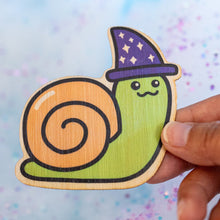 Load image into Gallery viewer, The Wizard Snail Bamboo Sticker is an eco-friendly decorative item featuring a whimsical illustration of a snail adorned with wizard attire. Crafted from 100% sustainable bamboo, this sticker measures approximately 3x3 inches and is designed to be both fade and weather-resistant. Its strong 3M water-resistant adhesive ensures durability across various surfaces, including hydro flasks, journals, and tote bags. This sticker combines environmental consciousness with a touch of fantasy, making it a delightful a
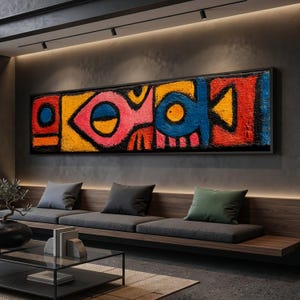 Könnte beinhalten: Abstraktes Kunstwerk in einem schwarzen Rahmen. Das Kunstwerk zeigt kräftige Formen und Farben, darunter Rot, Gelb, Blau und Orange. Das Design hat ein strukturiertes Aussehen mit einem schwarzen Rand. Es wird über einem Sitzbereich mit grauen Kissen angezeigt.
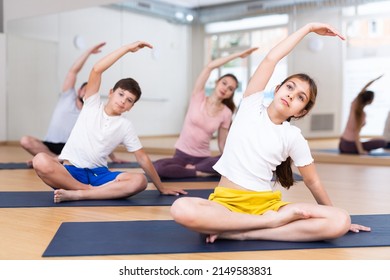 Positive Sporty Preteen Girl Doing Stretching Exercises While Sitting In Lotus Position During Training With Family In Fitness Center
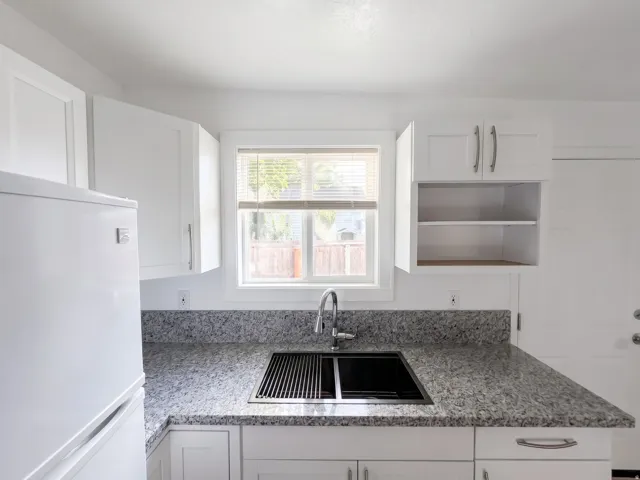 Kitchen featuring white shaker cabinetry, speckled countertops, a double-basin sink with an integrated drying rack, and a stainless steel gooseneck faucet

• • •

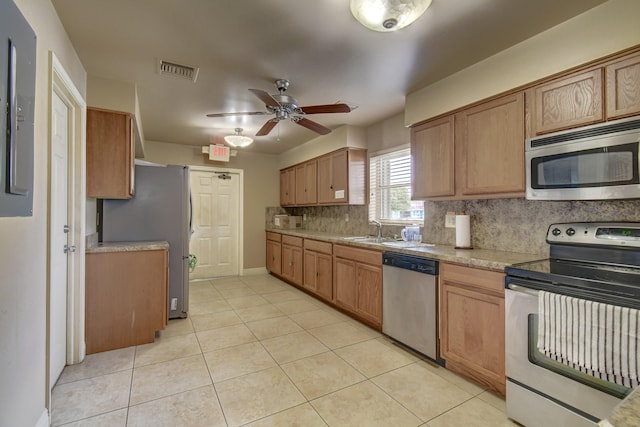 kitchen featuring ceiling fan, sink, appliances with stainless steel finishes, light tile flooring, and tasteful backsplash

• • •

▸ Exercise requirements: Exact copy, pictures excluded: every line above from the one containing "Positive Sporty Preteen" to the one containing "Kitchen featuring white", inclusive, and nothing more.

▸ Answer space:
 Positive Sporty Preteen Girl Doing Stretching Exercises While Sitting In Lotus Position During Training With Family In Fitness Center
 Kitchen featuring white shaker cabinetry, speckled countertops, a double-basin sink with an integrated drying rack, and a stainless steel gooseneck faucet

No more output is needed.